For me, when I started with Tee-ball, I knew I had a bunch of young kids that knew nothing about the game. They would be energetic, but their parents would also have tremendous anxiety. Every player comes with a clan attached, a group of people vested in their success, be it parents, grandparents, or friends. Someone has to get them to practice, games, and pay for their uniforms. Each player is, in essence, a team.
I was building a team of teams. I see it in a very similar way in business. Every employee comes with relationships attached. And it is hard for the people connected to your players to be invested in something they have little to control over. The stories of little league parents are legendary, and not in a good way. As a coach, parents can be your worst nightmare, OR your greatest asset. Therefore, I wanted to make "my parents" comfortable and confident their player would have a good experience as part of my team. I made them "my" parents. I expanded my idea of team to include them, making "them" my responsibility.

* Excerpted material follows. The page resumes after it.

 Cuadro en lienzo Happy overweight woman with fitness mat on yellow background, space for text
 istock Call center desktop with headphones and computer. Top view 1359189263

I also knew that the players would need direction. I wanted them to bring enthusiasm and energy. In exchange, I would direct them in a positive way. But how to convey all of this quickly? I created a Team Handbook, something the players and their parents could see and touch and read when they joined the team. I told them everything that was in it (because only one in 10 would actually read it) however, it was a tangible totem of an invisible commitment. It defined the expectations we would have for each other. That's right, I wanted them to know what to expect from me, but also what I expected from their players, and from them.
Moral of the story: Set expectations for the people you lead in BOTH directions. And don't forget the invisible members of your team. Include them too. Strong relationships are reciprocal.
(Note in the picture. Behind every player, probably closer than you think, is someone invested in their success.)